I participated in a couple of shows this past weekend and have product that didn't sell.  Does anyone know of a creative way I could sell my remaining products.  I'm not scheduled for another show until late January 2015 and don't want my products sitting on the shelf.


----------



## shunt2011 (Dec 17, 2014)

Do you have a website or FB page?  or Craigslist maybe?.  List them on there and perhaps a special deal if you really want to get rid of them.


----------



## girlishcharm2004 (Dec 17, 2014)

You could put it up on Ebay as an auction and see how other people value it.  Just a thought!


----------



## SplendorSoaps (Dec 17, 2014)

Perhaps donate them to a local 501(c)3 charity?  That way you may be able to at least take a tax deduction on it as a charitable donation, while also helping those in need.


----------



## houseofwool (Dec 17, 2014)

January 2015 is only a month away. What did you make that isn't going to keep a month?


----------



## cmzaha (Dec 17, 2014)

I am curious what type of product you are talking about. January is not very far away and soap just gets better. If you have fresh lotion it should still be good in late January.


----------



## eclecticsprint (Dec 18, 2014)

Facial and body scrubs that are almost a month old


----------



## The Efficacious Gentleman (Dec 18, 2014)

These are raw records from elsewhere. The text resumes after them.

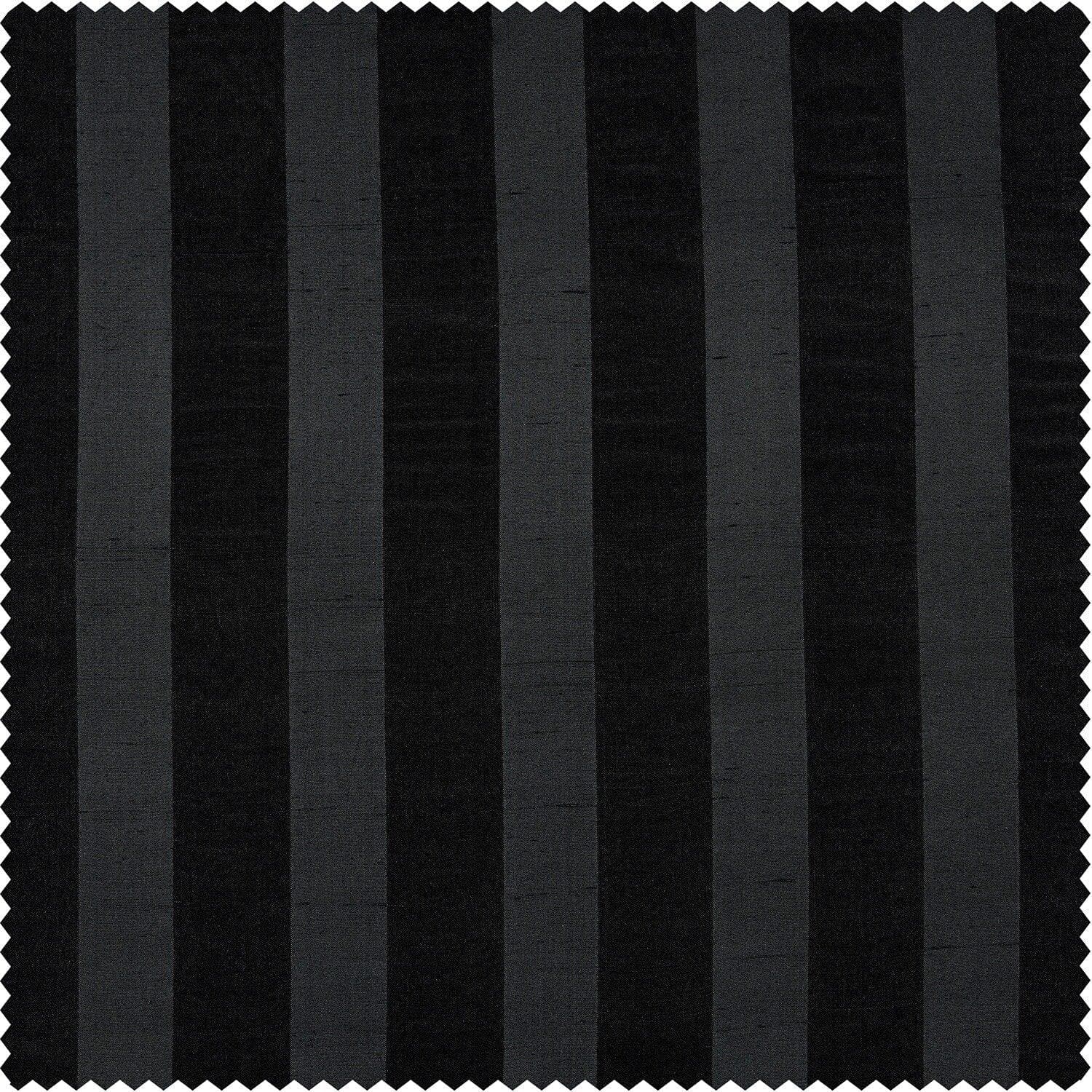 Ayya Black Striped Silk Room Darkening Curtain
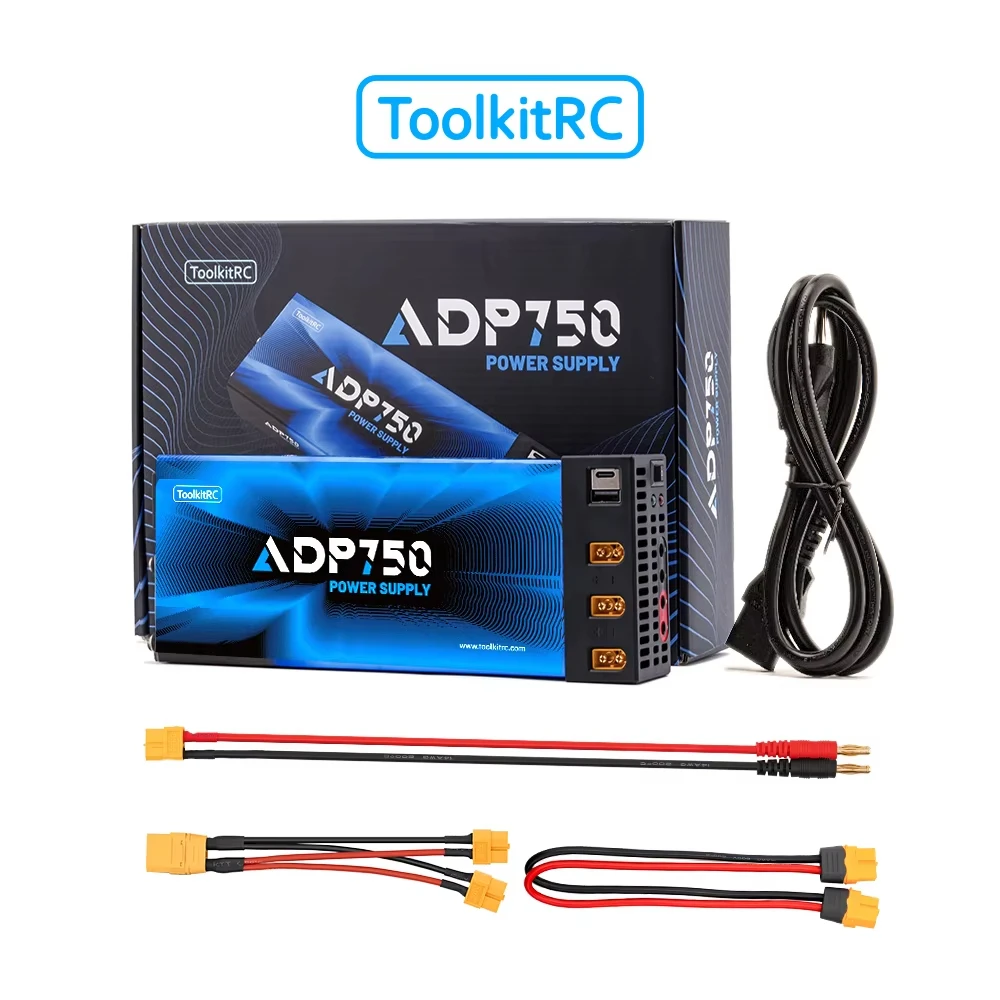 ToolkitRC ADP750 750W Power Supply Adapter  with XT60 XT90 Output 12V 30A AC Input 100V-240V for ToolkitRC Battery Charger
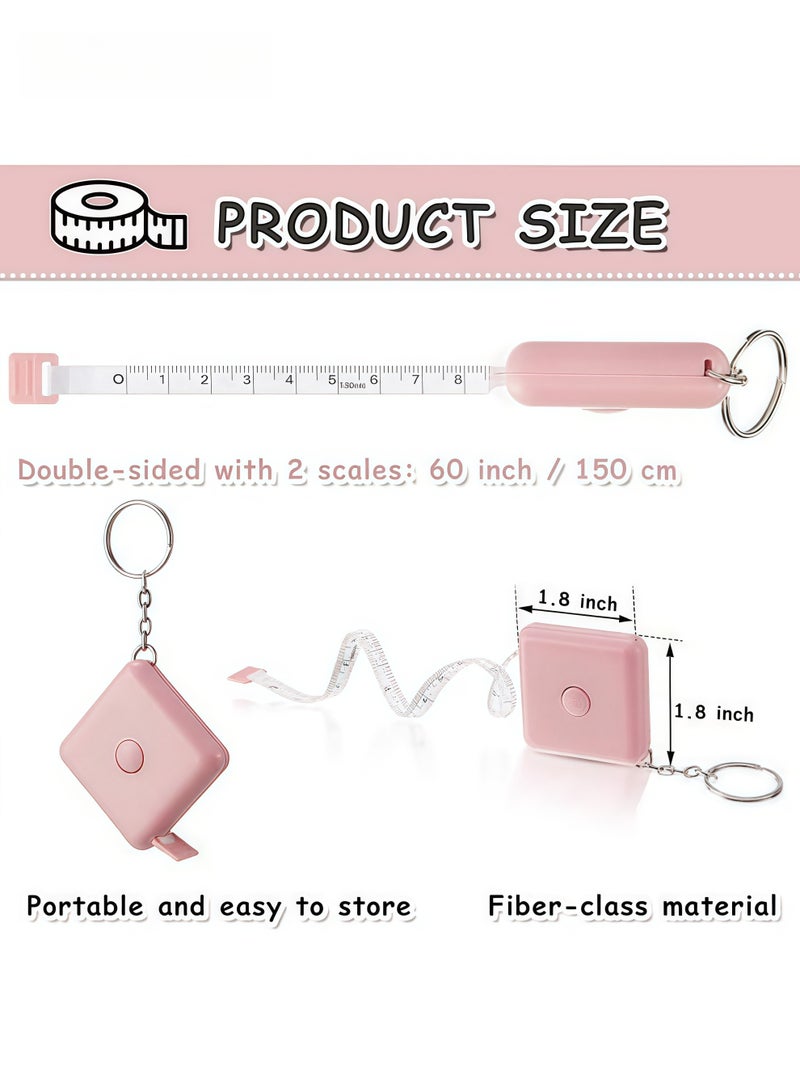3 قطع من أشرطة القياس لقياس الجسم، شريط قياس بطول 60 بوصة لقياسات الملابس والجسم، للخياطة، شريط قياس مرن مزدوج التدريج، شريط قياس قماش قابل للسحب (مع حلقة مفاتيح) - Image 2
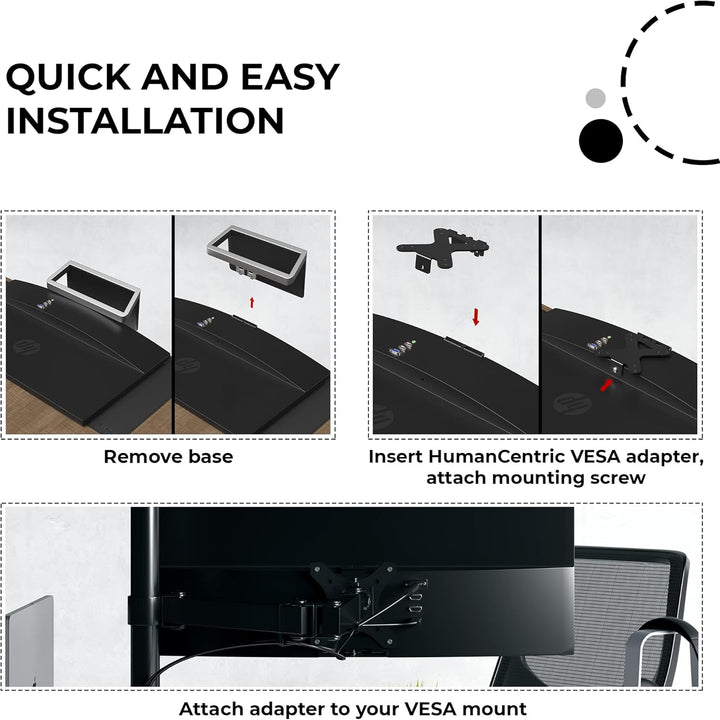 HumanCentric VESA-Halterungsadapter, kompatibel mit HP Pavilion 27xw, 25xw, 24xw, 23xw, 22xw, 22cwa,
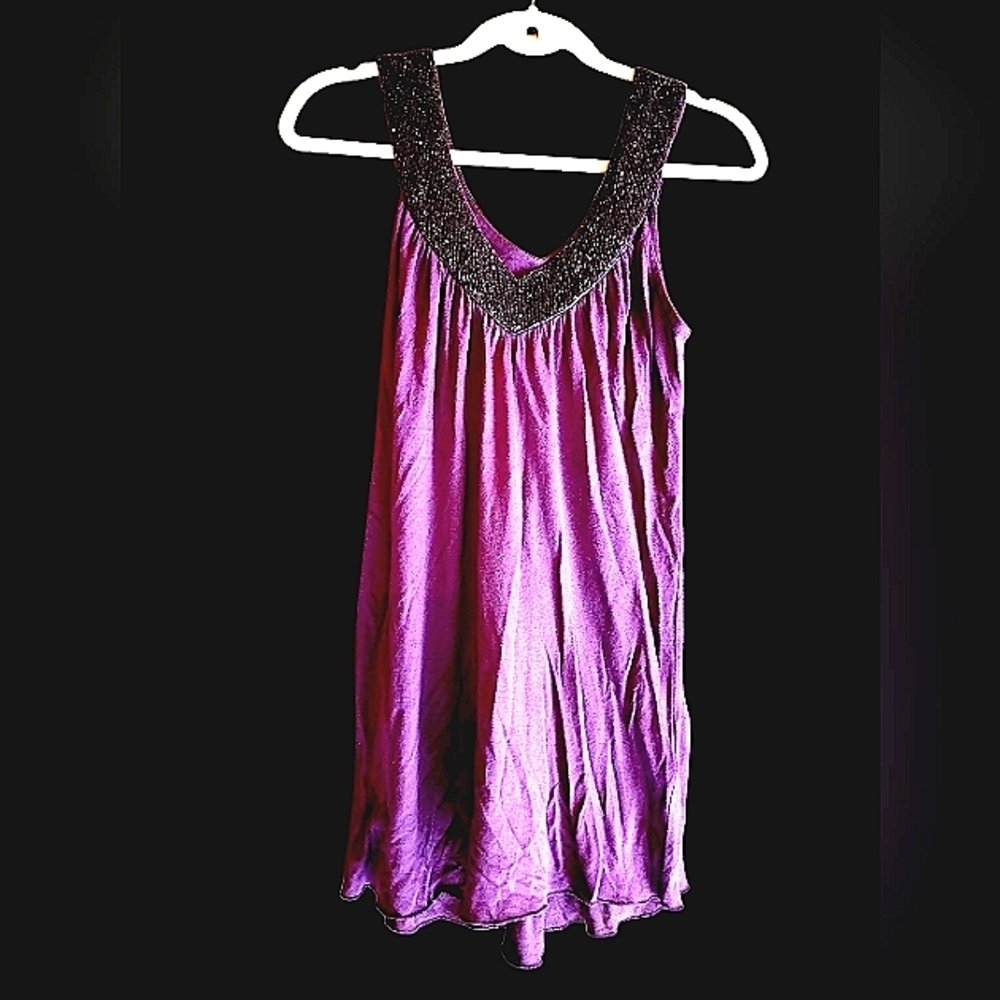 Matty M, Beaded Neckline Tank Top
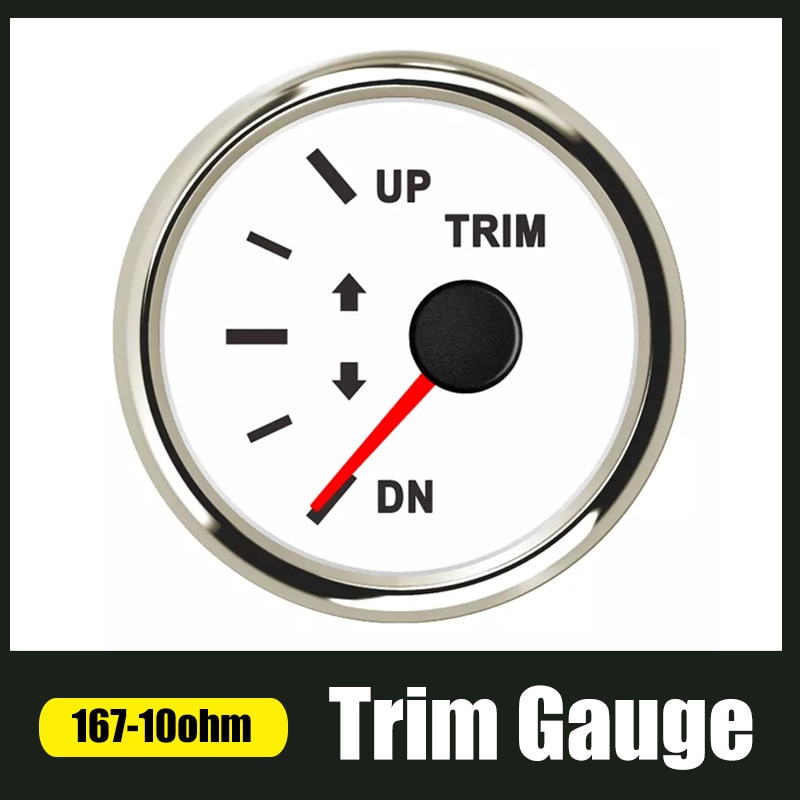 Auto Boot Trim Gauge UP-DN Für Inboard Außenbordmotor 0-190ohm 167-10ohm Mit Rot Hintergrundbeleuchtung 12V 24V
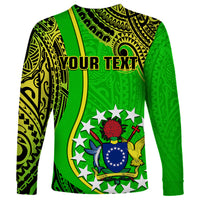 Personalised Cook Islands Long Sleeve Shirt Mangaia Gospel Day Green Version LT14 - Polynesian Pride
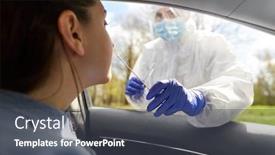  Presentation with making medicine - Slide deck with medicine-quarantine-and-pandemic-concept background and a dark gray colored foreground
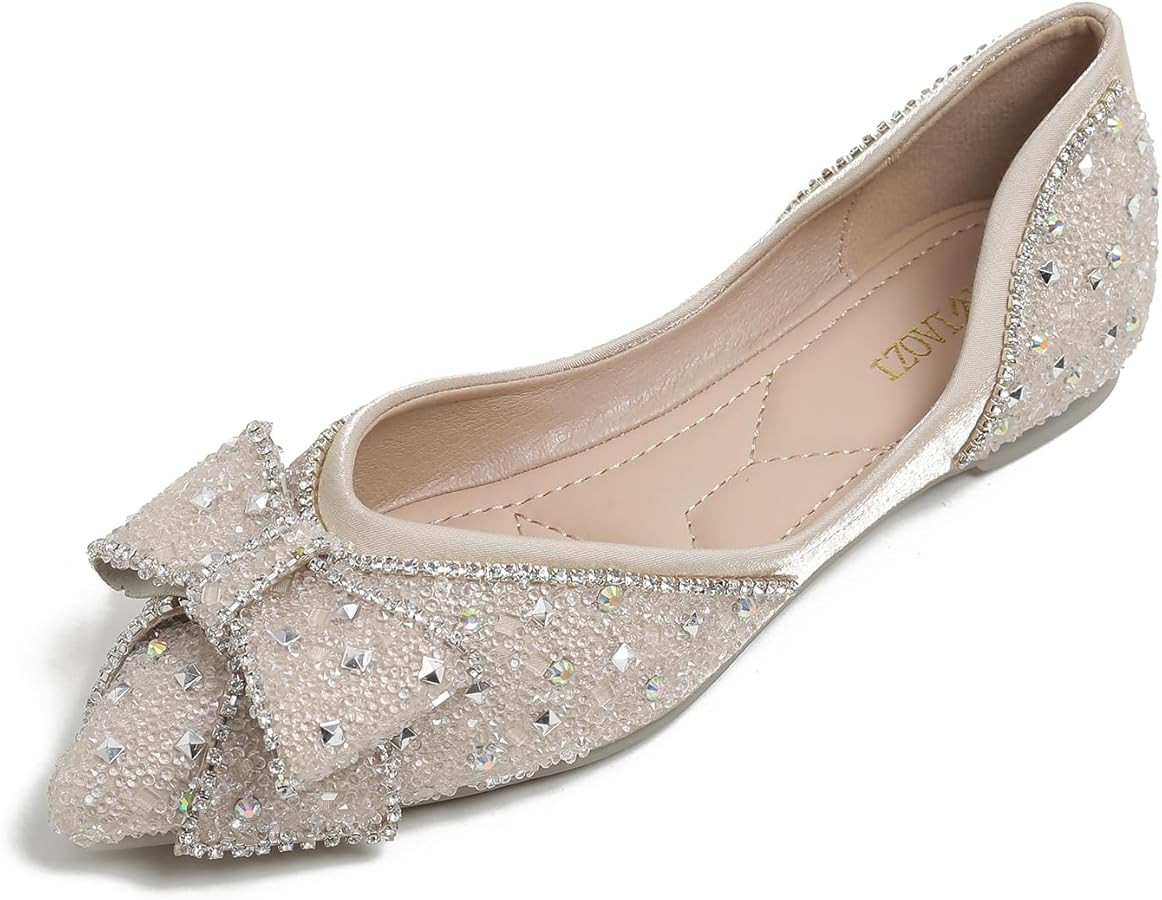 Flats Shoes Women Rhinestone Wedding Flats Comfort Pointed Toe Ballet Flat Shoe Low Heel Dress Sh... | Amazon (US)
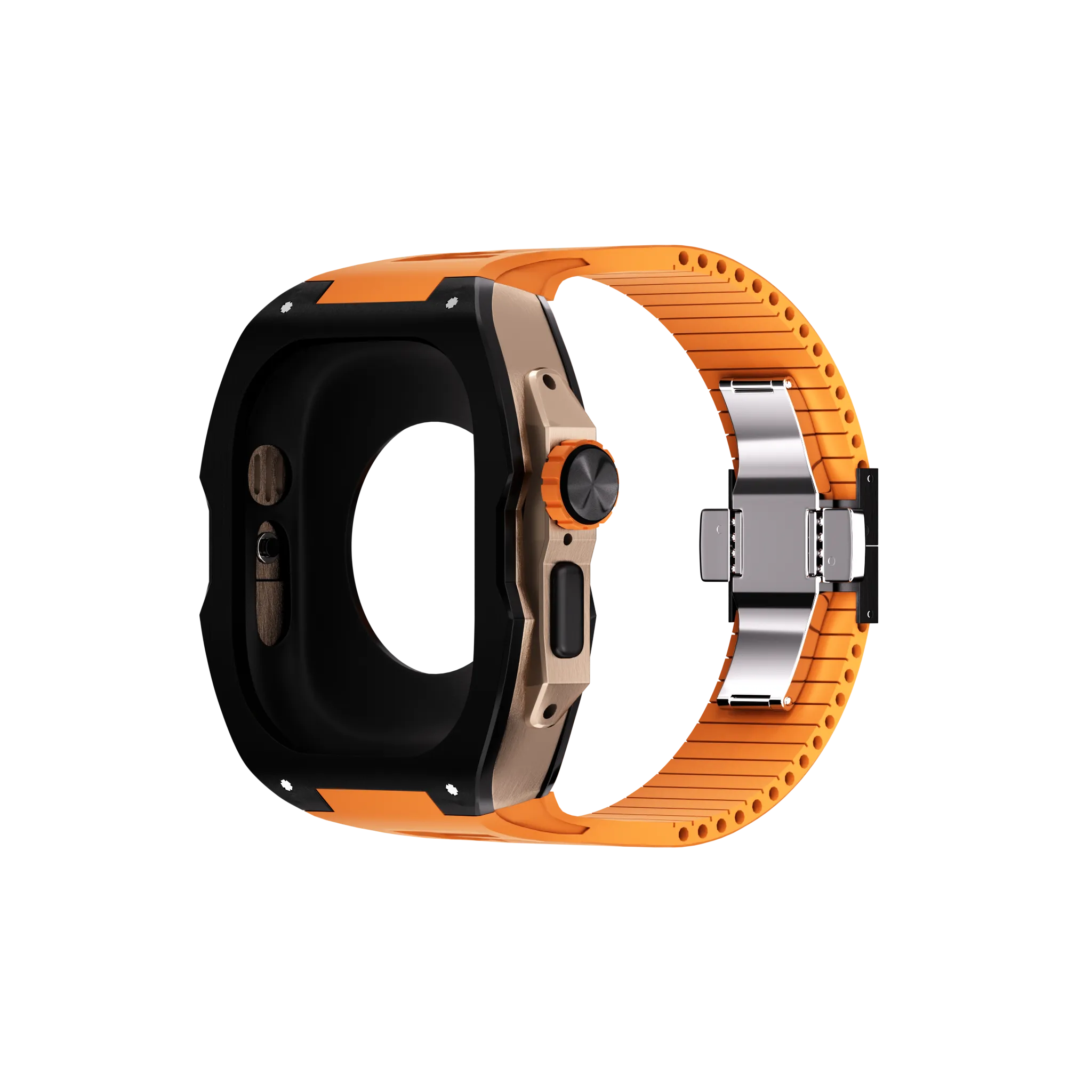 Reqior Apple Watch Ultra Case with Rubber Strap (Black/Orange)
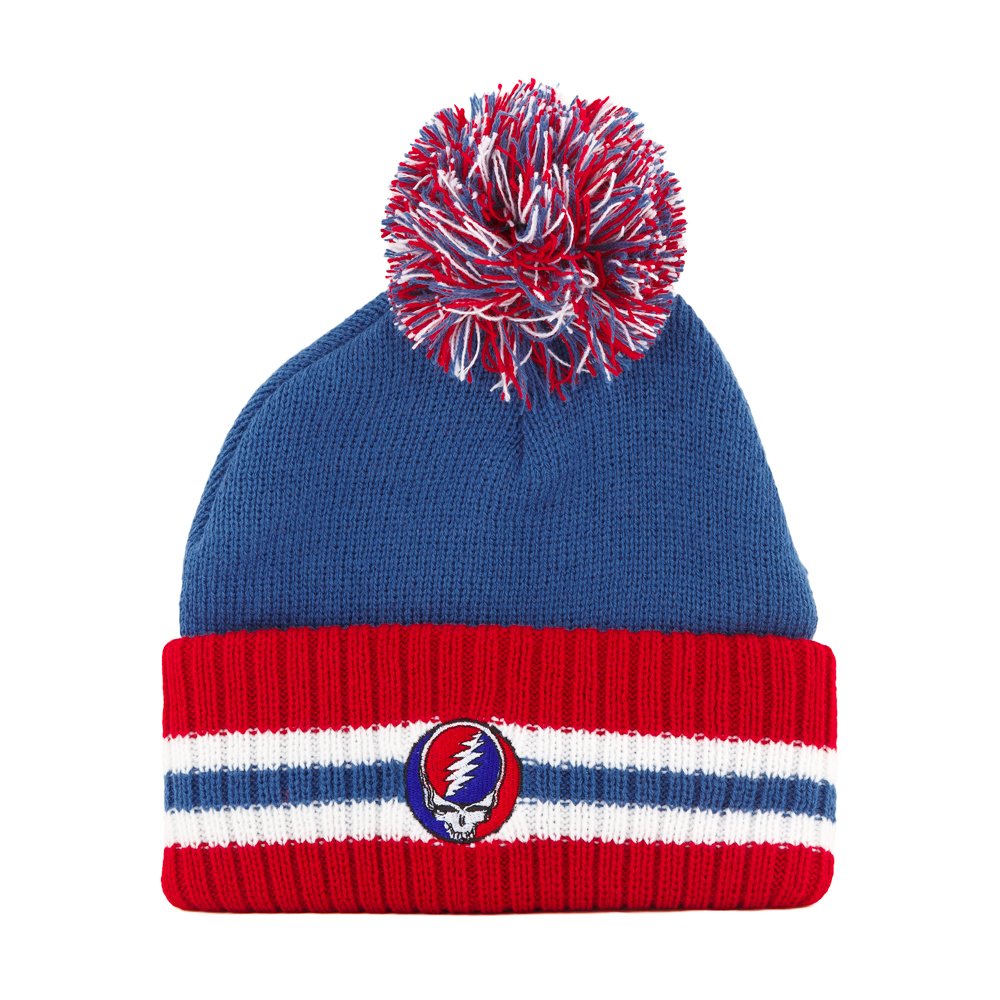 Ripple Junction Grateful Dead Steal Your Face Cuffed Pom Adult Beanie (Royal Blue)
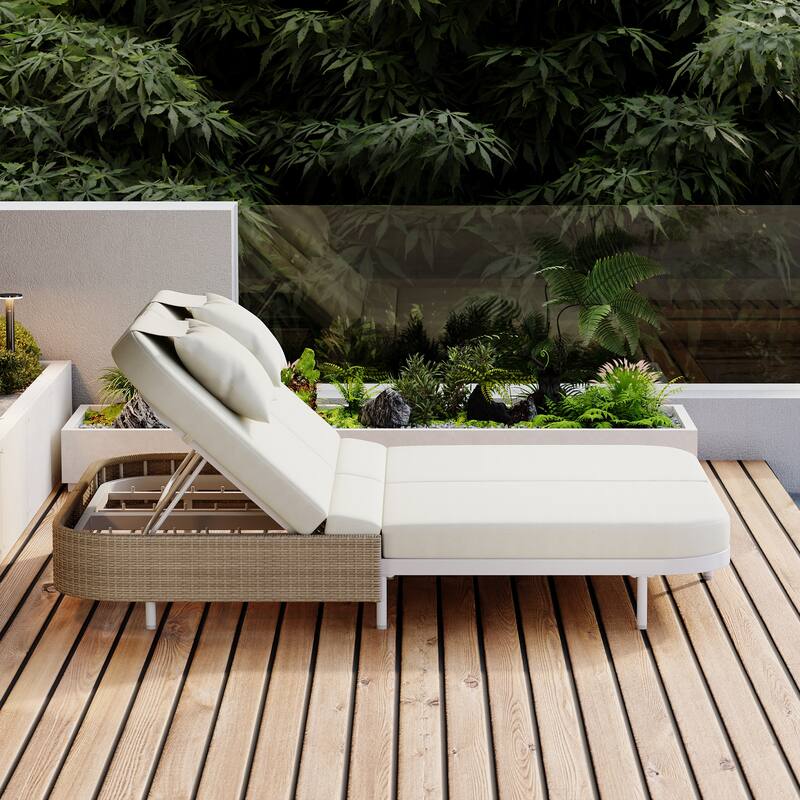 Outdoor Rattan Daybed with 5-Position Adjustable Backrest, Patio Double Chaise Lounge with Removable Cushions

What would be the issue with keeping them until then?


----------



## eclecticsprint (Dec 18, 2014)

Nothing I suppose, but I want everything I make to sell fresh, and sell everything before starting again.


----------



## shunt2011 (Dec 18, 2014)

I wouldn't be concerned about a couple months with those at all.  I have some that are a couple months old and are fine.  I make small batches but you just never know what will sell or what won't.


----------



## cmzaha (Dec 18, 2014)

eclecticsprint said:


> Nothing I suppose, but I want everything I make to sell fresh, and sell everything before starting again.


If they are salt or sugar scrubs they are not going to go bad very quickly. Both salt and sugar can help preserve and cure. I have a feeling over time you will get tired of getting rid of all that does not sell. If you have a website you can always offer grab bags, or do a grab bag night at a farmer's market if you have one you can attend.


----------



## maya (Dec 20, 2014)

Are they formulated to only last a month? For instance did you use a preservative at a correct amount in the products that should be preserved? I think many people keep products for more then a month.


----------